### WHAT IS REQUIRED
After locating the line that contains "2483 Hicks Street thumbnail 12", quote it and all lines after it through the end of the entries, and nothing more. Pictures stay out.

### DATA
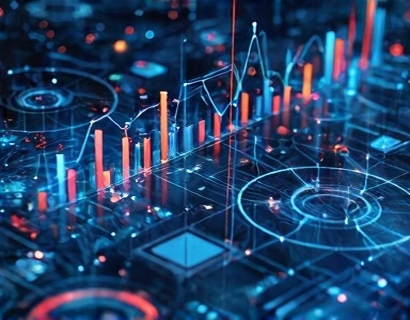 Unlocking Zest for Business Growth Through Advanced Analytics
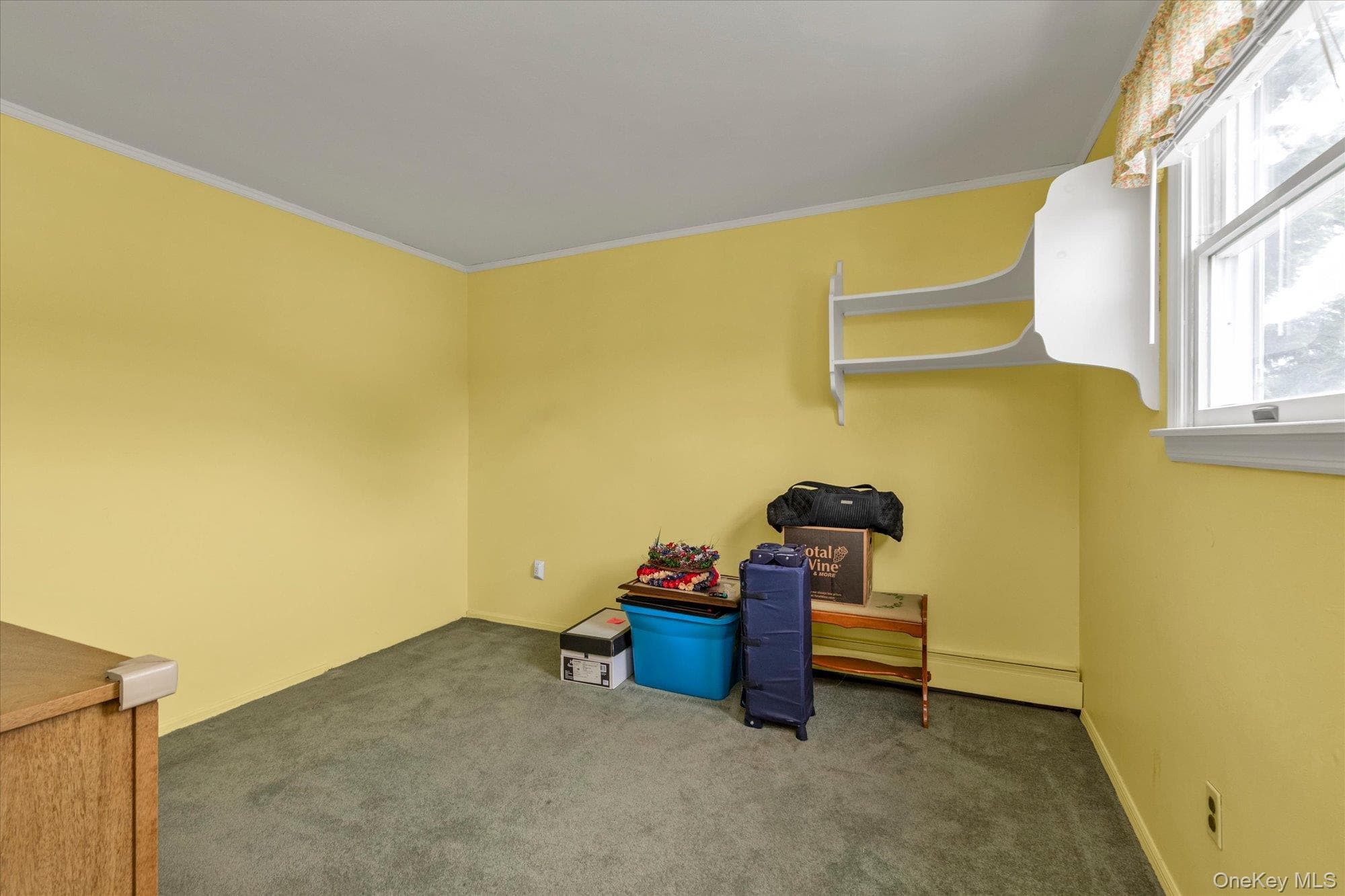 2483 Hicks Street thumbnail 12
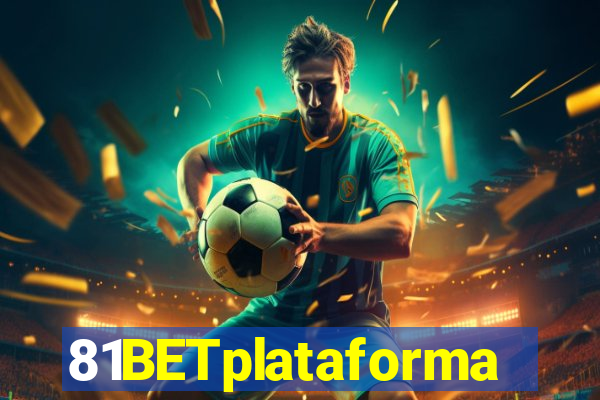 81BETplataforma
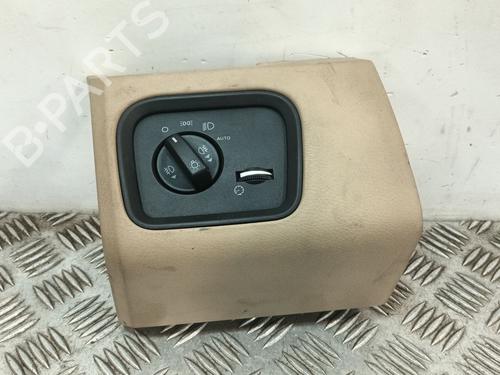 Commande de phare Commande de phare LAND ROVER RANGE ROVER SPORT I (L320) 2.7 D 4x4 (190 hp) 36567500 36567500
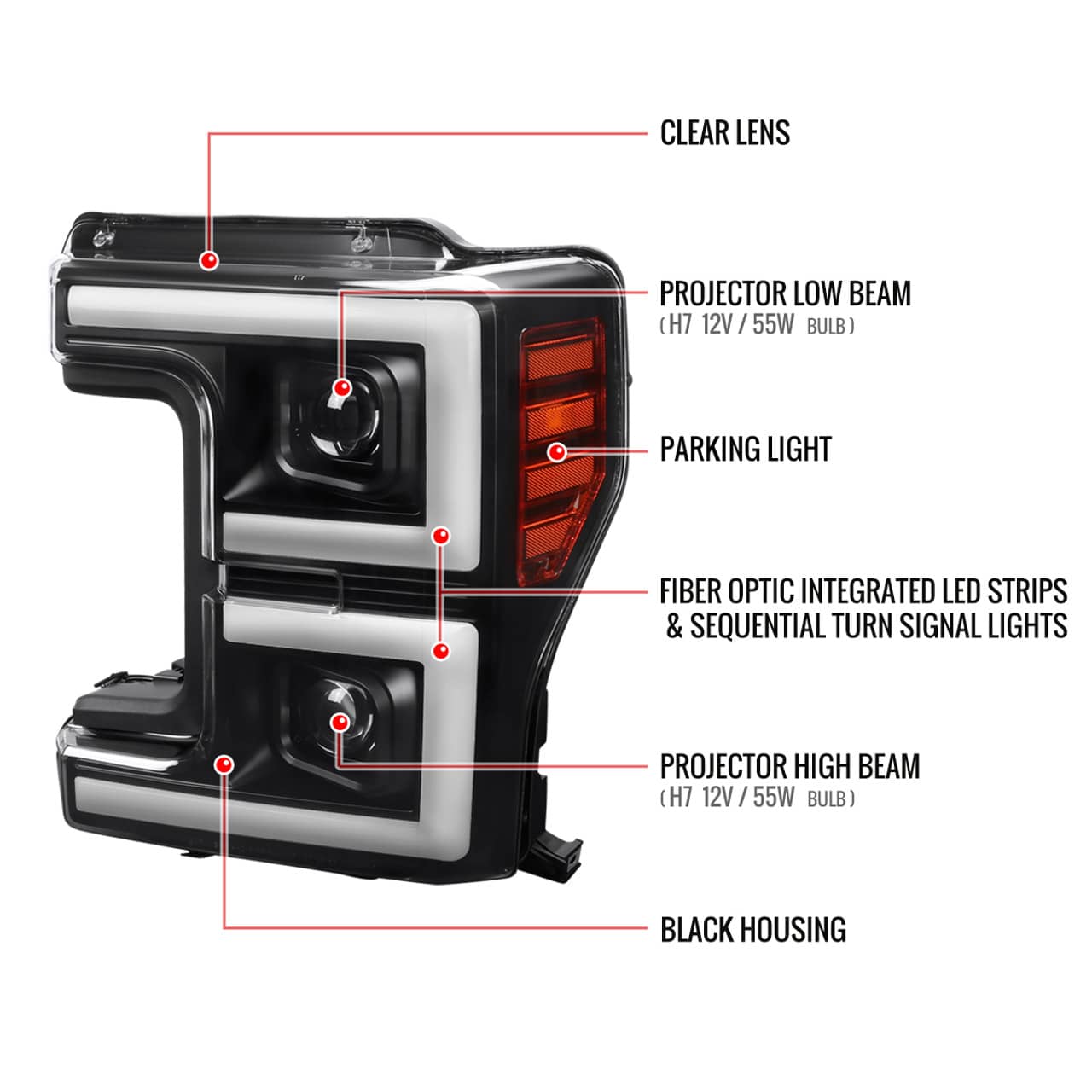 SPD-2LHP-F25017JM-SQ-RS_02.jpg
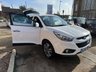 USED 2015 15 HYUNDAI IX35 2.0 CRDi Premium SUV 5dr Diesel Manual 4WD Euro 5 (134 bhp) 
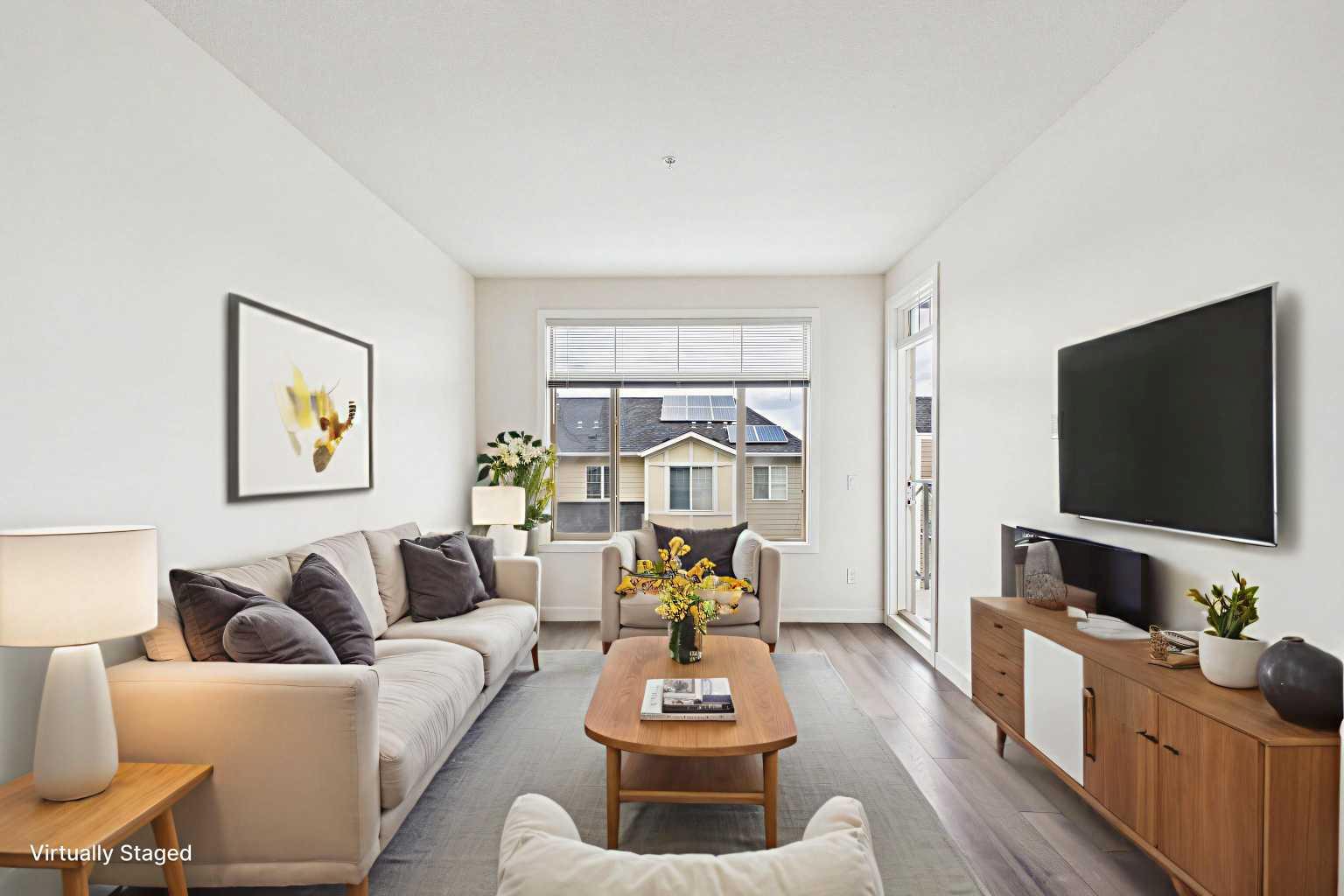 28 Auburn Bay Link SE 305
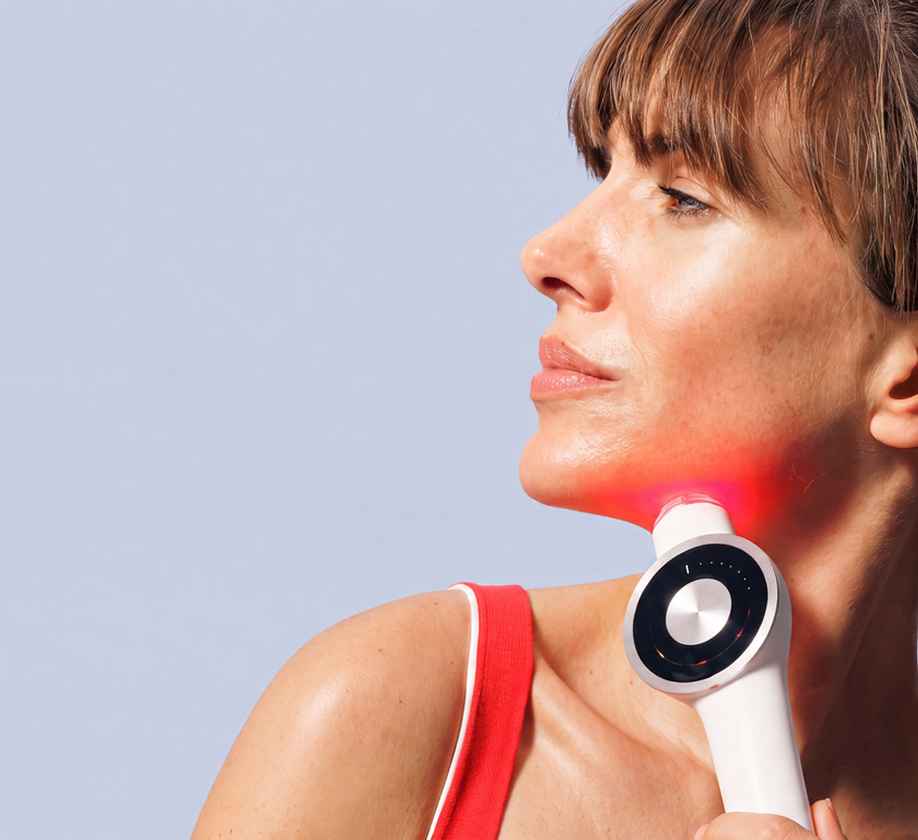 Régénez votre peau en 3 min par jour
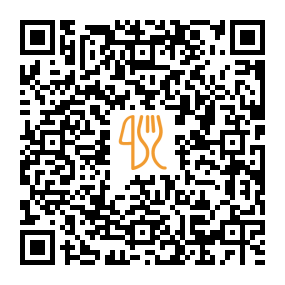 Carte QR de Pasticceria Bendoni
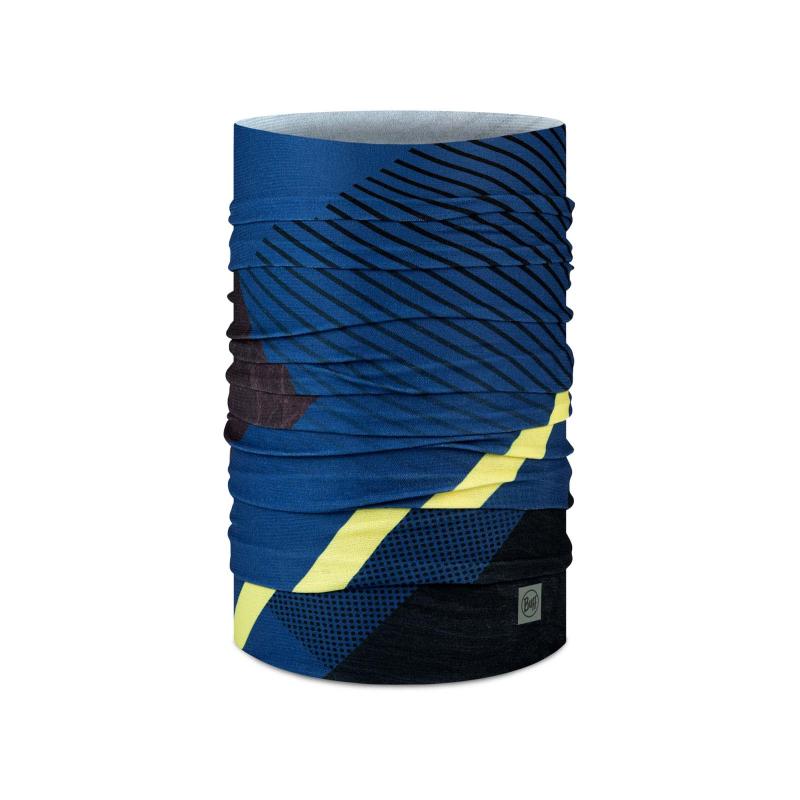 Buff Coolnet Uv Akim Cobalt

### RESPONSE BOX
 2483 Hicks Street thumbnail 12
 81BETplataforma
 Commande de phare Commande de phare LAND ROVER RANGE ROVER SPORT I (L320) 2.7 D 4x4 (190 hp) 36567500 36567500
 SPD-2LHP-F25017JM-SQ-RS_02.jpg
 USED 2015 15 HYUNDAI IX35 2.0 CRDi Premium SUV 5dr Diesel Manual 4WD Euro 5 (134 bhp) 
 28 Auburn Bay Link SE 305
 Régénez votre peau en 3 min par jour
 Carte QR de Pasticceria Bendoni
 Buff Coolnet Uv Akim Cobalt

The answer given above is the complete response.